## [Action item]
Your answer must be exactly the lines from the one containing "Tischläufer 18. Geburtstag, Roségold" through the end of the material, both ends included, without pictures.

## [Provided records]
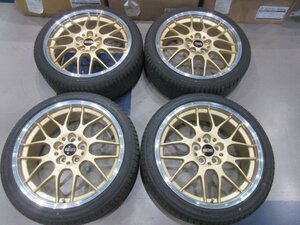 タイヤセット☆鍛造☆BBS RG-R RG747 プリウス 86 ウィッシュ レクサス CT BRZ レガシィ等 PCD100 5H 7.5J+49 ゴールド☆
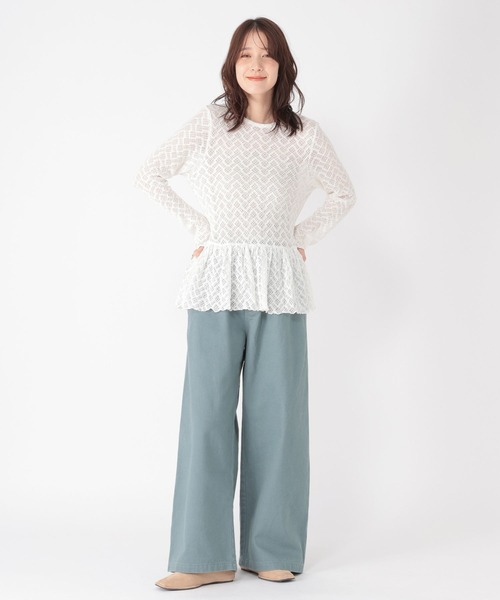 studio CLIP（スタディオクリップ）の「レースギャザー切り替えロングスリーブプルオーバー（Tシャツ/カットソー・レディース・アイボリー/オリーブ/ライトブルー/オフホワイト・FREE）」の9枚目の写真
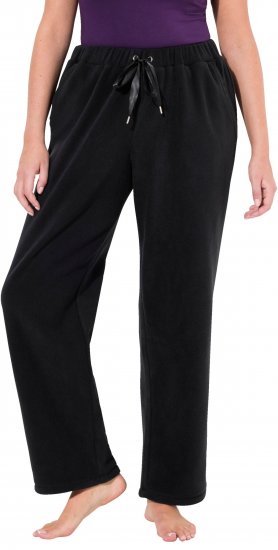 Ulla Popken Fleece Loungewear Pants Black - Vaqueros & Pantalones de Mujer Tallas Grandes – Plus Size - 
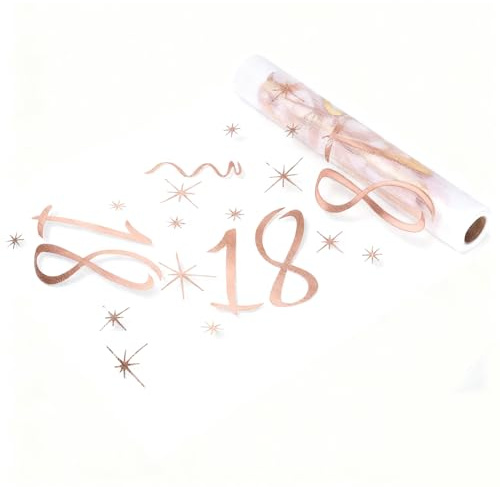 Tischläufer 18. Geburtstag, Roségold 18. Geburtstag Tischdeko 28cm x 10m | Tischdecke Deko Rolle, Geburtstag Tischband für 18 Jährige Mann und Frau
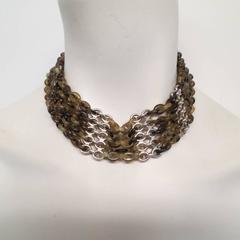HERMES Brown Fall Foliage Horn Link Chains Sterling Silver Choker Necklace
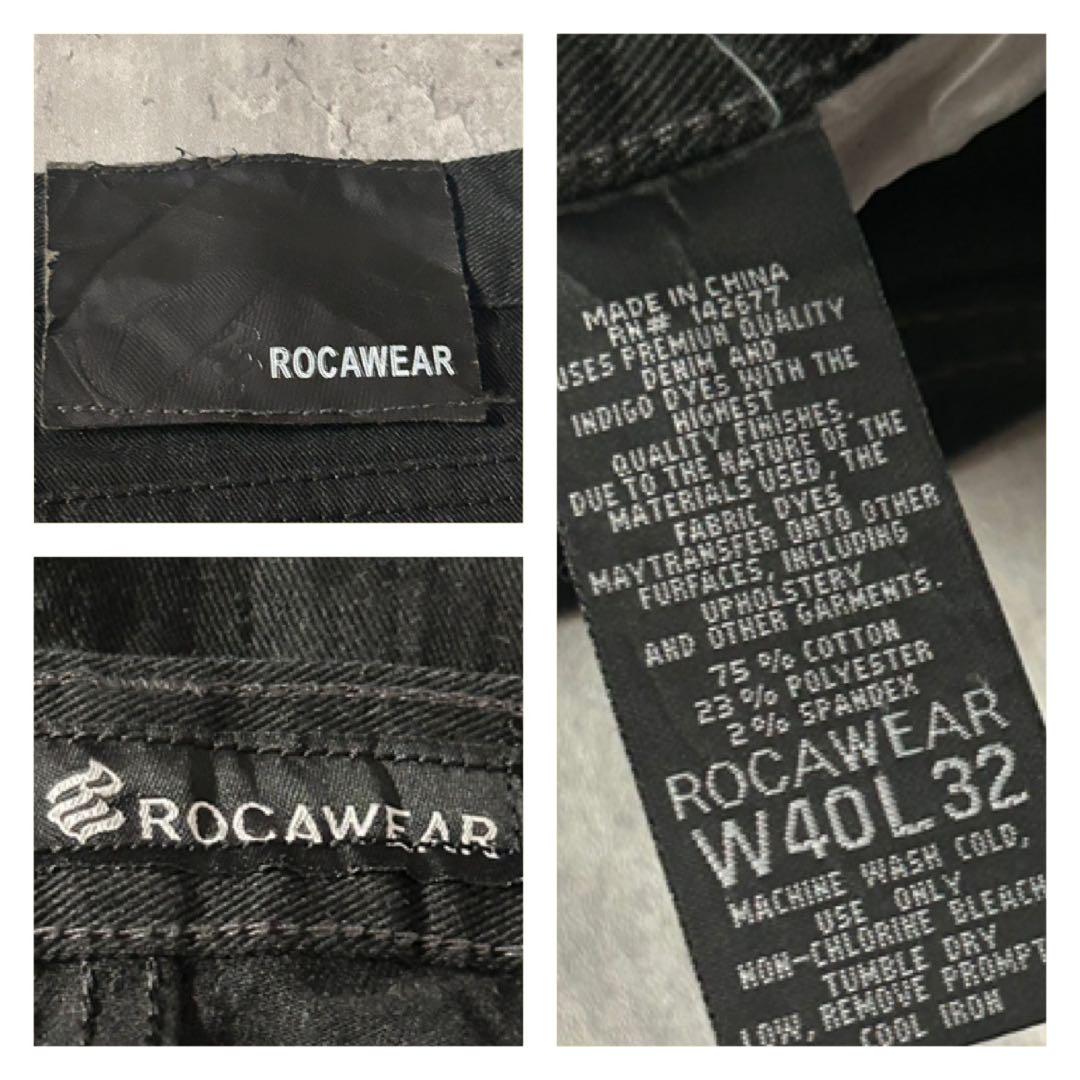 B39【W40】ROCAWEAR ブラックデニムパンツ ストレッチ 刺繍ロゴ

## [Response to this task]
 Tischläufer 18. Geburtstag, Roségold 18. Geburtstag Tischdeko 28cm x 10m | Tischdecke Deko Rolle, Geburtstag Tischband für 18 Jährige Mann und Frau
HERMES Brown Fall Foliage Horn Link Chains Sterling Silver Choker Necklace
 B39【W40】ROCAWEAR ブラックデニムパンツ ストレッチ 刺繍ロゴ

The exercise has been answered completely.